Any tips on speeding up a JustBASIC program?

toughdiamond
Member in Training

Posts: 56

Any tips on speeding up a JustBASIC program? Apr 17, 2021 18:09:48 GMT Rod likes this

Quote

Post by toughdiamond on Apr 17, 2021 18:09:48 GMT

Apr 16, 2021 6:48:59 GMT Rod said:

Force lower case if needs be but the files “should” be the same case and perhaps need reported if not.

Having looked again at the "buggy" results of SORT, it turns out they're not buggy at all - just that the command ignores case, which doesn't matter if I use your method for finding uniques. It tripped me up at the time because back then I was still trying to streamline my long method of comparing each filename in one list with each filename in the other, so I was trying to split the alphabetized list into shorter sections based on (the ASCII code of) the leftmost character. At that point, the prospect of adapting your code instead began to look rather less daunting.

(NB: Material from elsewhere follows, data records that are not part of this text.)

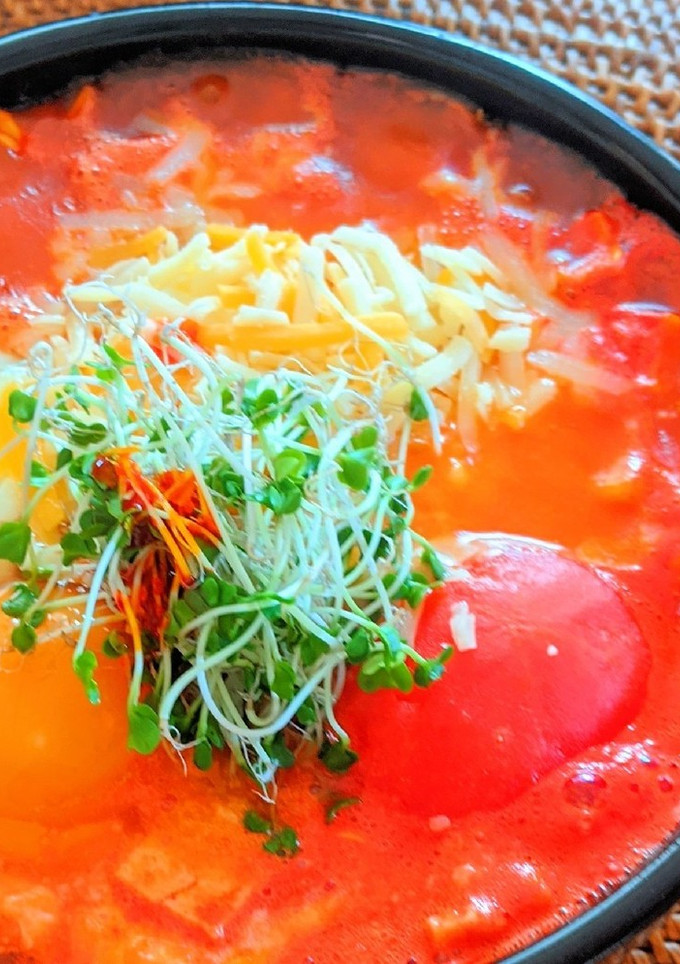 蒙古タンメン中夲アレンジ✿卵とチーズと…-レシピのメイン写真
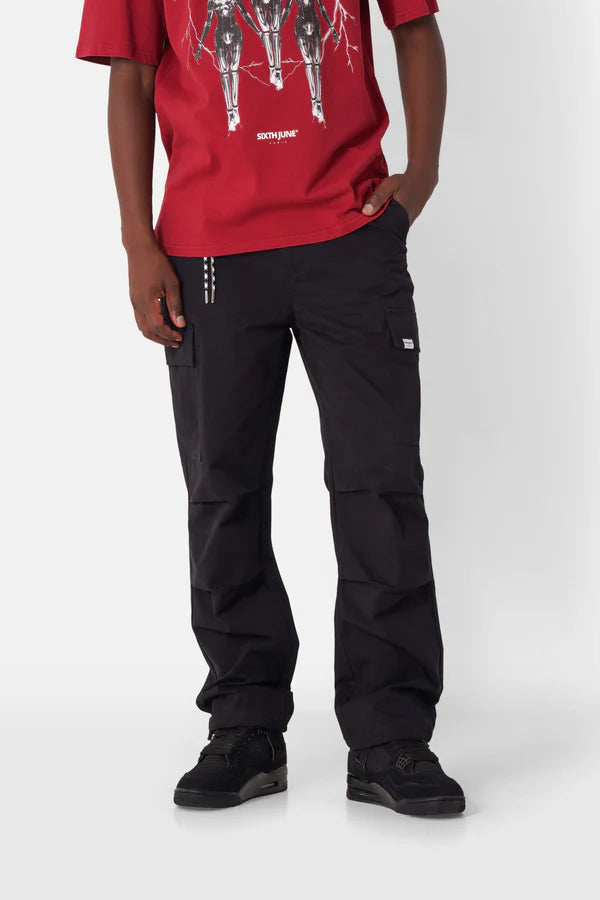 BIG POCKET CARGO PANTS BLACK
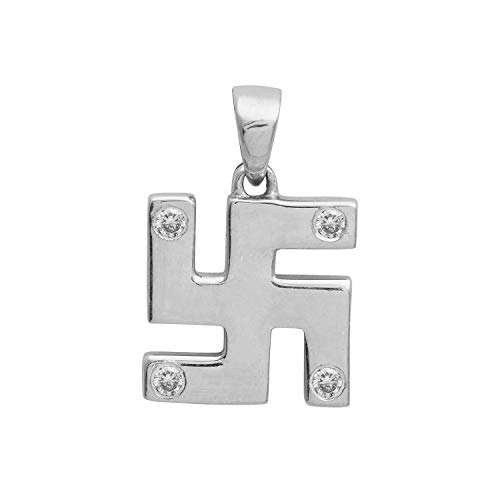 zircón cúbico piedra signo de la esvástica religiosa colgante 925 joyas de...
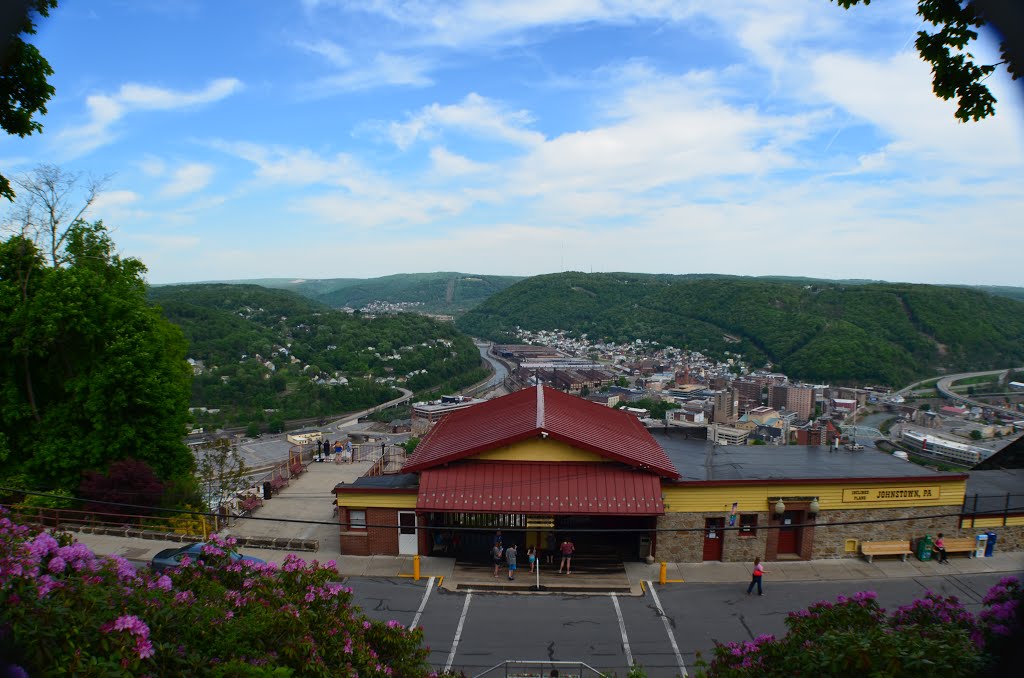 Upper Station with view of Johnstown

It's hard to know how long it'll be before I've got it ready to do a test drive, but it's looking good so far. I'll be back.

B+
Senior Member

OK

Posts: 941

Any tips on speeding up a JustBASIC program? Apr 17, 2021 20:39:00 GMT

Quote

Post by B+ on Apr 17, 2021 20:39:00 GMT

Apr 16, 2021 20:03:06 GMT Rod said:

Sigh... my life is complete, code that neither Anatoly or B+ can better

Rod Sorry, you shouldn't have bragged, your life not complete, your code buggy under certain circumstances that you would have quickly found had you tested more border conditions.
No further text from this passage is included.